Dans l’Eneas, le merveilleux païen n’est pas, comme dans les poèmes qu’il imite, entièrement supprimé, mais il est cependant réduit à ce qui est indispensable pour ne pas dénaturer le récit, et l’auteur atténue autant que possible l’action divine par l’intervention de moyens purement humains. C’est ainsi que Vénus, au lieu d’envoyer à la reine de Carthage son fils Cupidon, sous les traits d’Ascagne, donne à ce dernier le pouvoir d’exciter l’amour chez ceux qui l’embrassent. D’autre part, il supprime ce qu’il croit peu susceptible d’intéresser son auditoire, comme les jeux en Sicile[2], les peintures sur les murs du temple de Junon à Carthage, ou les scènes merveilleusement retracées en relief par Vulcain sur le bouclier du fils de Vénus, et, par compensation, il ajoute, outre les riches descriptions déjà signalées et certains détails d’histoire naturelle plus ou moins fantastique, quelques particularités aux amours de Didon et d’Énée, et une autre histoire d’amour qu’ont dû fort goûter ceux qui avaient tant admiré les longs récits de Benoit sur Achille épris de Polyxène et sur Briseïda passant des bras de Troïlus à ceux de Diomède.

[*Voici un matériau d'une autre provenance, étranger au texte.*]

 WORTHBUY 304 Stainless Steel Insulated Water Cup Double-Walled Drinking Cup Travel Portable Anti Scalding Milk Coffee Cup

Virgile avait négligé, sans doute parce que la légende était muette à cet égard, de donner un rôle actif à Lavinie et de nous dire de quelle façon elle avait accueilli la poursuite du prince troyen. Le trouveur du xiie siècle la fait s’éprendre subitement de lui la première fois qu’elle l’aperçoit du haut d’une tour. Cette ingénue (car au fond c’en est une), à qui la veille sa mère avait tant de peine à faire vaguement soupçonner ce que c’est qu’aimer, emploie, pour instruire Énée de son amour, un moyen ingénieux souvent employé au moyen âge dans un autre but : elle fait lancer à ses pieds par un archer, pendant une trêve, une flèche entourée d’un morceau de parchemin portant sa déclaration.

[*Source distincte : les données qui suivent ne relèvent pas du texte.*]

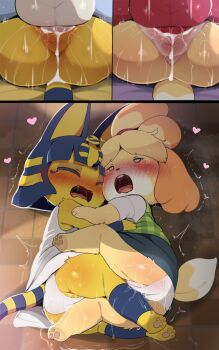 2boys 2girls animal_crossing animal_ears ankha_(animal_crossing) anus artificial_vagina_with_body ass blonde_hair blue_fur blush body_fur cat_ears cat_girl cat_tail character_request closed_eyes commentary_request cum cum_in_pussy cum_overflow dagasi dog_ears dog_girl dog_tail dress fangs furry furry_female furry_male furry_with_furry heart hetero highres isabelle_(animal_crossing) lying multiple_boys multiple_girls nintendo nose_blush on_side open_mouth panties penis pussy pussy_juice red_fur sex tail tears teeth telepathic_sex testicles trembling uncensored uncommon_stimulation underwear upper_teeth_only vaginal wavy_mouth white_dress white_panties yellow_fur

  1. L’Eneas emprunte encore au Roman de Troie, en la détaillant non sans quelque grossièreté, l’accusation qu’Hector y porte contre les mœurs d’Achille : seulement, ici, c’est d’un Troyen qu’il s’agit, et la mère de Lavinie s’en sert pour détourner sa fille de l’amour d’Énée. Voir p. 201.
  2. De même le Roman de Thèbes, du moins dans sa plus ancienne rédaction, ne fait qu’indiquer d’un mot les jeux donnés en l’honneur du jeune fils du roi Lycurgue, si complaisamment décrits dans la Thébaïde de Stace.